食農教育 No.11 2001年1月号より

県レベルで食と農による
  総合的学習の情報を交換

 「とくしま総合的な学習研究会」が設立記念フォーラム

編集部

「総合的な学習の時間」の本格実施が迫るなかで、県レベルで食と農の教材開発を図る試みがスタートした。徳島県では自主的な研究会「とくしま総合的な学習研究会」(会長村田勝夫鳴戸教育大学教授)が設立され、設立記念フォーラムには県内の教職員を中心に約130名の参加者が集まり、奈須正裕氏の問題提起と小中学校3校の実践報告をうけて熱心な議論を展開した。このような動きは、岩手、長野でも起こっており、全国に広まりそうな気配である。(2000年10月8日徳島市の「アスティとくしま特別会議室」で全国食文化交流プラザ2000参加・公開研究集会として開催)

総合的な学習の時間は「生き方」の学習

問題提起
 奈須正裕
  国立教育研究所教育方法研究室長

 きょうは食と農、地域をキーワードに、平成14年度から創設される「総合的な学習の時間」をめぐり、学校での取り組みの事例と、食と農にかかわる行政や団体とのネットワークのありかたについて話し合ってみたい。

まず、「総合的な学習の時間」(以下「総合」と略)とは一体何だろうか。「総合」を形態や表面的な特質でとらえようとすると誤解が生まれる。

 「合科」「体験」「子ども中心」「地域」「チームティーチング」などは、いずれも「総合」をすすめる上で大切なキーワードであり、結果的にこれらを満たしていくことになるが、これらをやれば「総合」ということではない。学習指導要領のなかには、「総合」について、2つのねらいが述べられている。

そのひとつは「学び方」にかかわるもので、「自ら課題を見付け、自ら学び、自ら考え、主体的に判断し、よりよく問題を解決する資質や能力を育てる」ということ。これは大変大切なことであるが「総合」だけでなく、教科や道徳、特別活動などすべての教育活動において取り組むべきことだ。

「総合」ならではの内容、趣旨とはもうひとつのいわゆる「生き方」にかかわる部分で「学び方やものの考え方を身に付け、問題の解決や探究活動に主体的、創造的に取り組む態度を育て、自己の生き方を考えることができるようにする」というところ。子どもが生活者の1人として生き方や社会や地域のありかたを考えていくことだ。

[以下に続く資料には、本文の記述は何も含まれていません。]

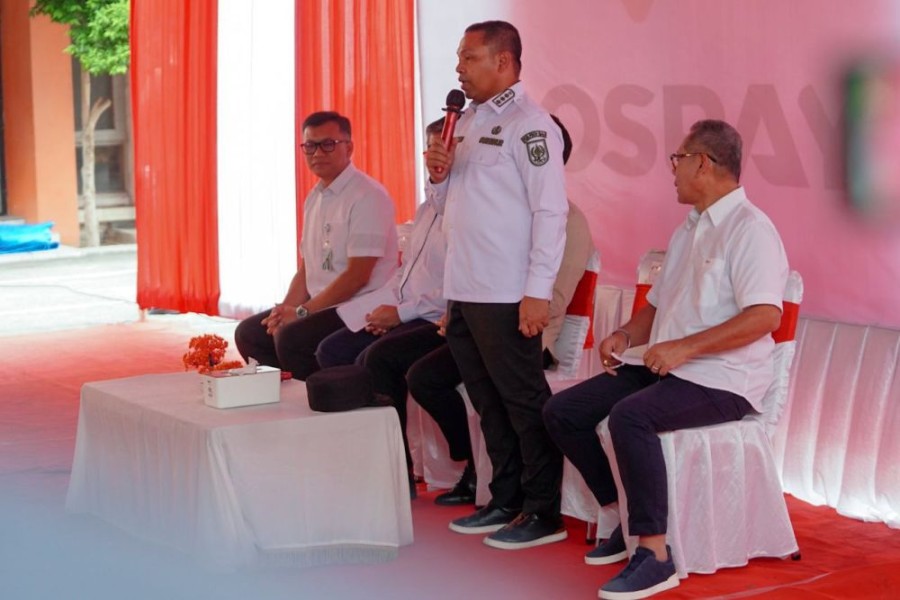 Wapres Gibran ke Riau, Gubernur Wahid Soroti Karhutla dan ODOL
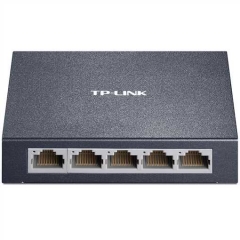 TP-LINK 5口百兆交换机 TL-SF1005D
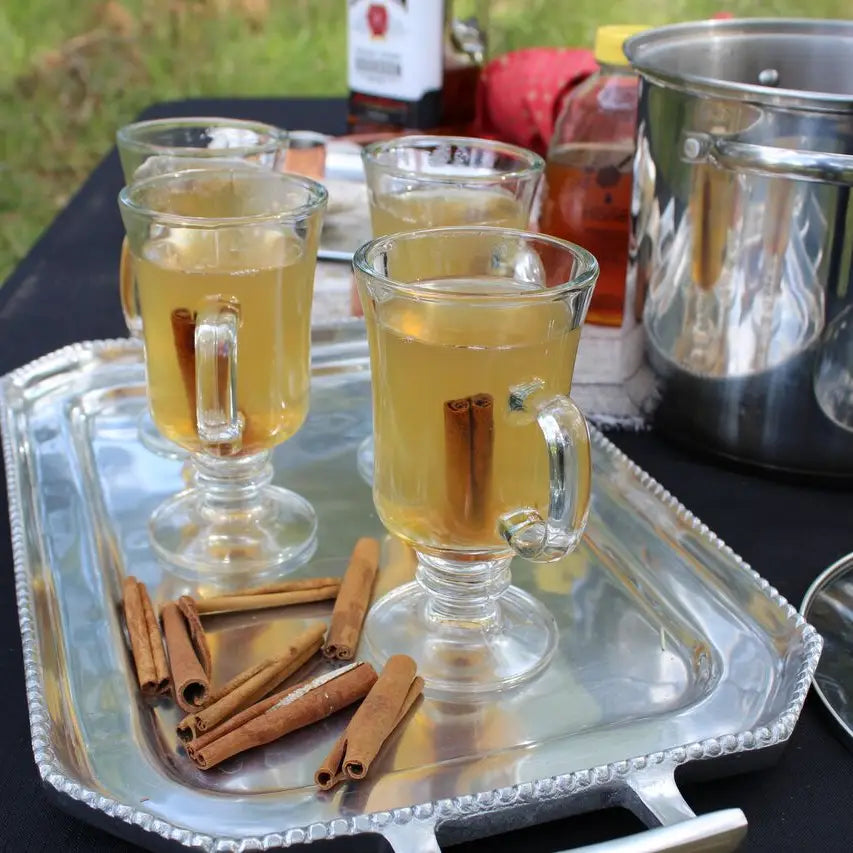 Orange Clove Hot Toddy Kit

もちろん、教科学習を通して生き方を学ぶということはある。生き方について教科と「総合」ではどのように違うのだろうか。教科には親学問があって、日常的な事物・現象に対して、あえて非日常的な見方でとらえなおしていく。その背後にあるのは、学問・科学・芸術といった文化遺産であり、子どもたちは授業を通して時空をこえて文化遺産と出会い、文化創造のできる力を培っていく。教師はそのような出会いをつくる役割を果たす専門家である。

これに対して、「総合」には親学問はなく、身近な事物事象を生活者の観点で改めて自覚し直し、それを日々新たに更新していくような仕組みをつくる学習の場である。教科の学習の目的が文化創造の担い手になることであるのに対して、「総合」は、生活創造の担い手となっていく学びの場なのである。

文化創造としての学びと生活創造としての学びは両方必要だ。学問だけしていても生活現実と出会うことがなければその学問の価値はわからない。これまでの教育は文化創造として教育に少し偏りすぎていた。「総合」を通してそのバランスを回復することが求められている。「総合」をやればやるほど、教科学習が好きになるし、学力もあがる。

それではなぜ食と農か。近代になってどんどん失われてきた暮らしの変化を考えたとき衣食住の生活のうちで食が一番まだ回復できる。また子どもたちが消費を中心とした生活につかっているなかで、生活を見つめ直す鍵は第一次生産、とくに農にある。それをやれる場所は地域ということになる。生活者の感覚で担い手をつくる教育として「総合」をとらえなおすとき、そこには食・農・地域というキーワードが浮かび上がってくる。

子どもとともに地域教材を発見する

実践報告1
 藤本勇二
  徳島県上勝町立上勝小学校

穴吹町立初草小学校で3年勤務したあと、この4月に上勝町立上勝小学校に赴任した。まず、上勝小でのこの半年の地域教材の開発について述べたあと、前任校である初草小での3年の実践を振り返りたい。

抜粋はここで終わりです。